By the late 1960s, with the civil rights movement in full swing and protests finding their way even to Ferrum’s isolated campus, there were still only a handful of African-American students here and students and faculty were pushing to make the school more inclusive. Some of the ideas they had in mind were more African-American studies, recruiting more African-American faculty—Ferrum still had none at the time—and added African-American publications in the library.
Dr. Arthur died in October of 1970, so he never got to see the full fruits of his labors, until his death he still felt that desegregating Ferrum was his greatest accomplishment.
African-American students became a still-small but major presence on campus in the 1970s. The Black Student Union formed by 1971—just five years after Jerry Venable enrolled—and there were other all-black organizations on campus, such as the choir Voices of Hope. More African-American faculty were added by the early 1970s, including history professor Dr. Andrew Baskin. What started as Black History Week, the 2nd week of every February, became Black History Month nationwide by 1976—appropriately enough, America’s Bicentennial Year.

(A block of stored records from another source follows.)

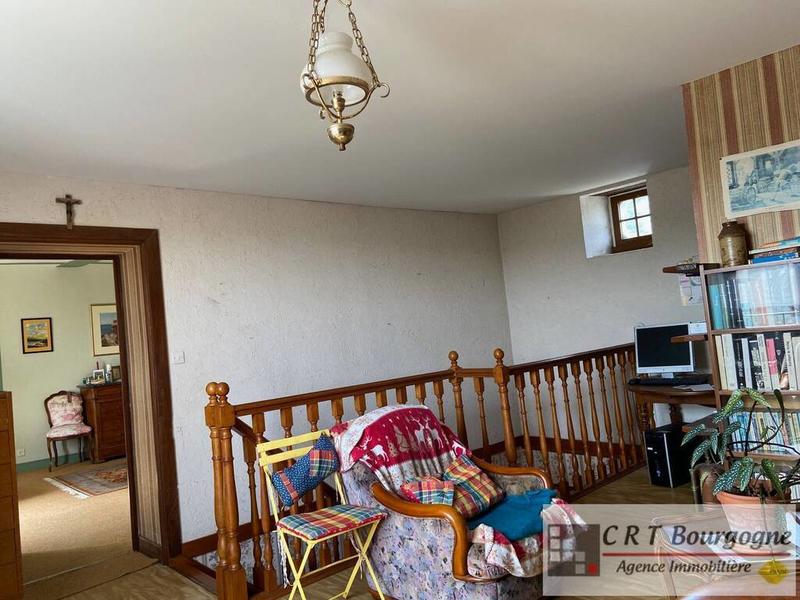 Maison ancienne - 215 m² - 7 pièces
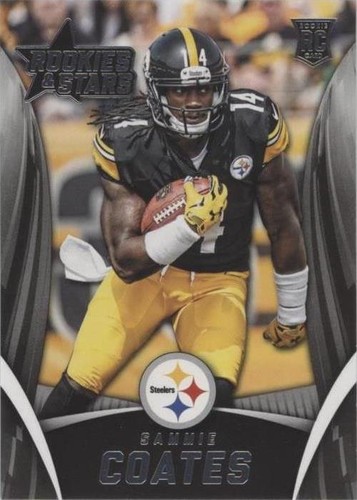 2015 Panini Rookies & Stars Sammie Coates #184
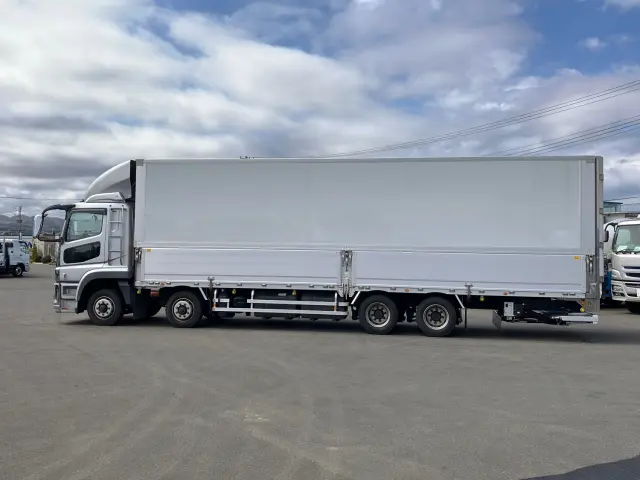 三菱 スーパーグレート 2PG-FS74HZ(8x4)の写真7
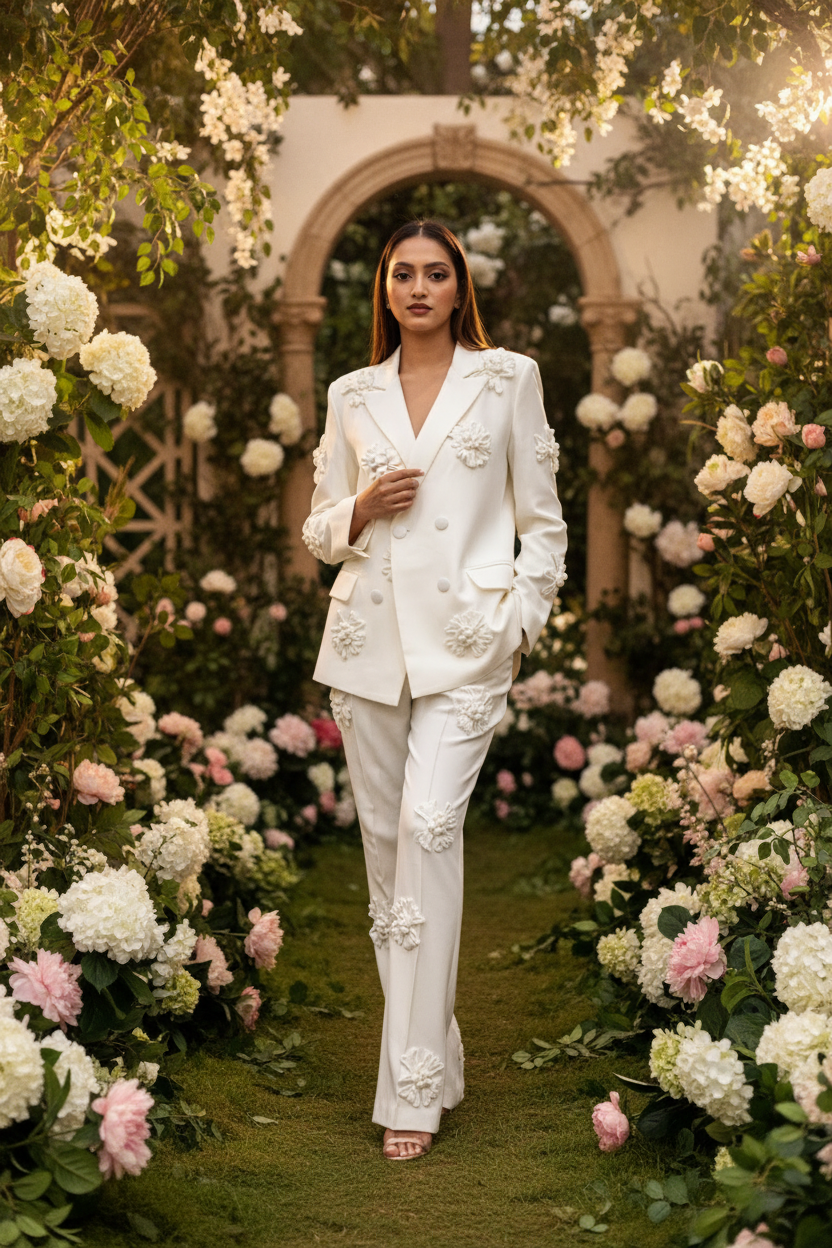Valencia Luxury – Editorial Model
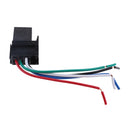 HFV6 Support Car Relay 24V 30a Spdt 5pin Socket 1Pack
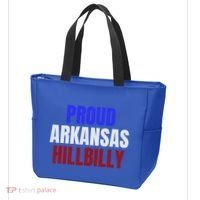 Proud Arkansas Hillbilly Gift Tote Bag thumb 3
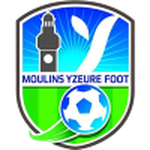 Moulins-Yzeure Foot 03 team flag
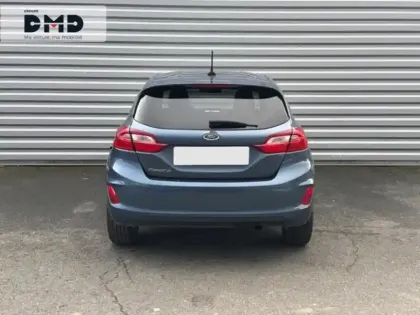 Photo 11 Ford Fiesta Gén. V Ph1 Evo Titanium 5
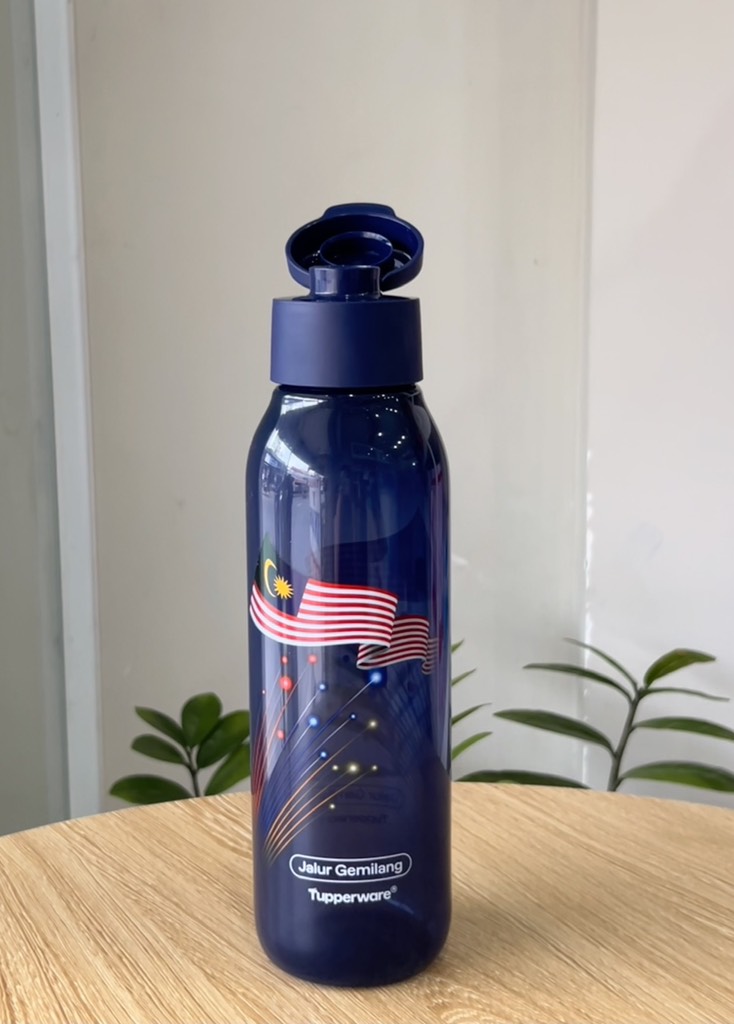 Bình Nước Tupperware Eco Bottle Fancy 750ml - Tupperware Chính Hãng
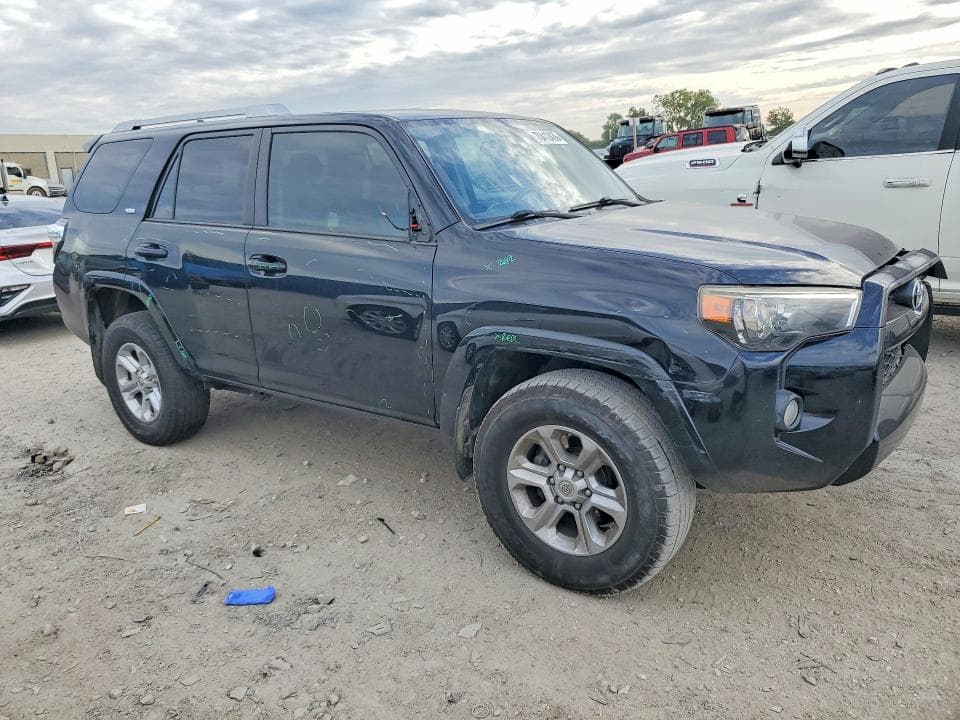 2018 TOYOTA 4RUNNER SR5 PREMIUM 4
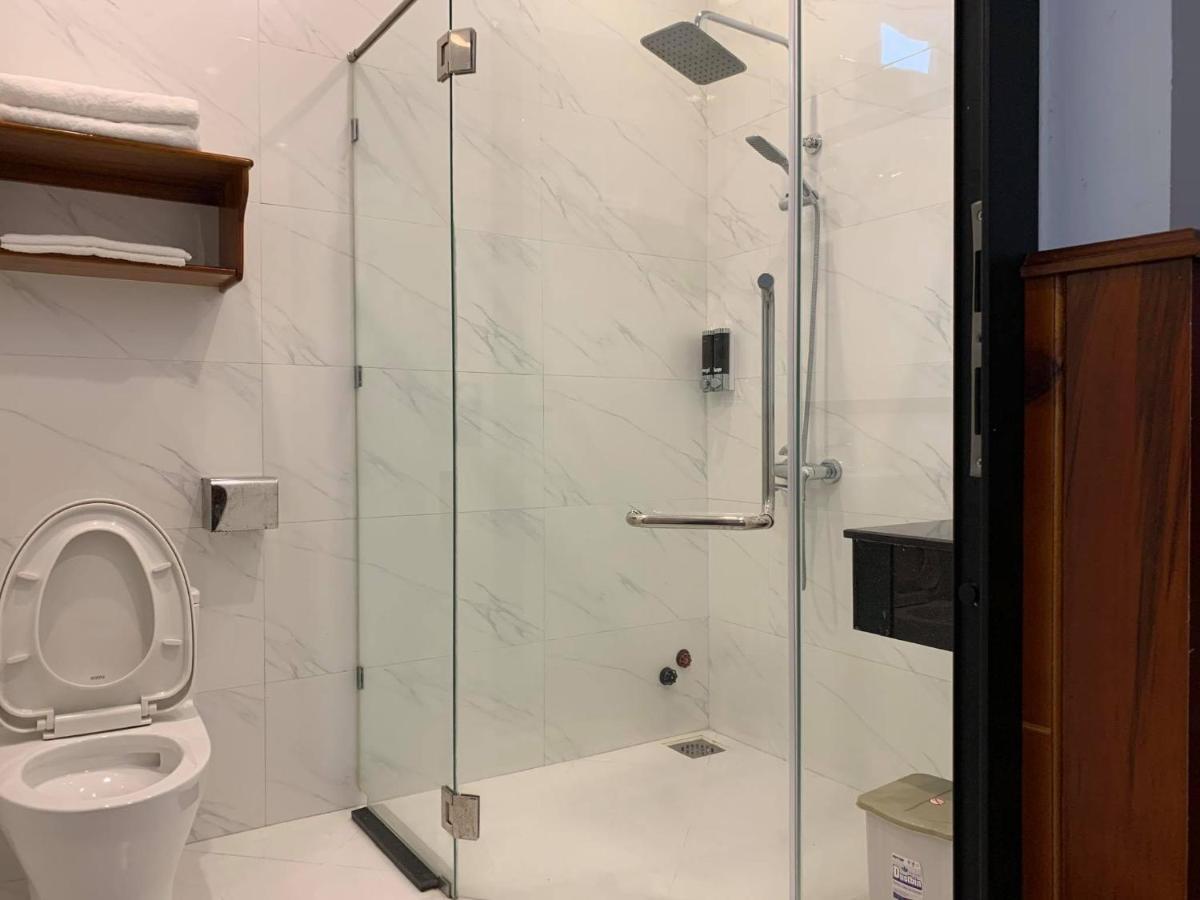 Hao Hoa Hotel كون توم المظهر الخارجي الصورة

In addition, black students had thoroughly integrated within Ferrum’s other clubs and organizations, and the campus yearbooks were unashamedly including pictures of mixed race couples, something unheard of just a few years before.
The 1980s brought the Reagan era, and the campus groups that were specifically African-American faded out of the picture. But faculty, staff, and students alike were still determined to improve and expand Ferrum’s diversity. By the end of the 80s and beginning of the 90s, the percentage of African-American students among Ferrum’s student population was higher than any other private college in Virginia, but still at less than 10%, and the school was determined to improve that. Spearheaded by Dr. Anand Dyal-Chand, Ferrum’s Vice President of Student Affairs, Ferrum set out on a long multifaceted campaign to recruit, welcome, and retain African-American students that included seeking students from more distant locations than before, more recruiting among traditionally black schools and neighborhoods, and more African-American related classwork, programming, and materials.
Since the 2000s, African-Americans students have made up more than a third to half of Ferrum’s student population in any given year. African-American history and studies are now deeply and permanently woven into Ferrum’s academic and social culture, strengthening both the college and its sense of community.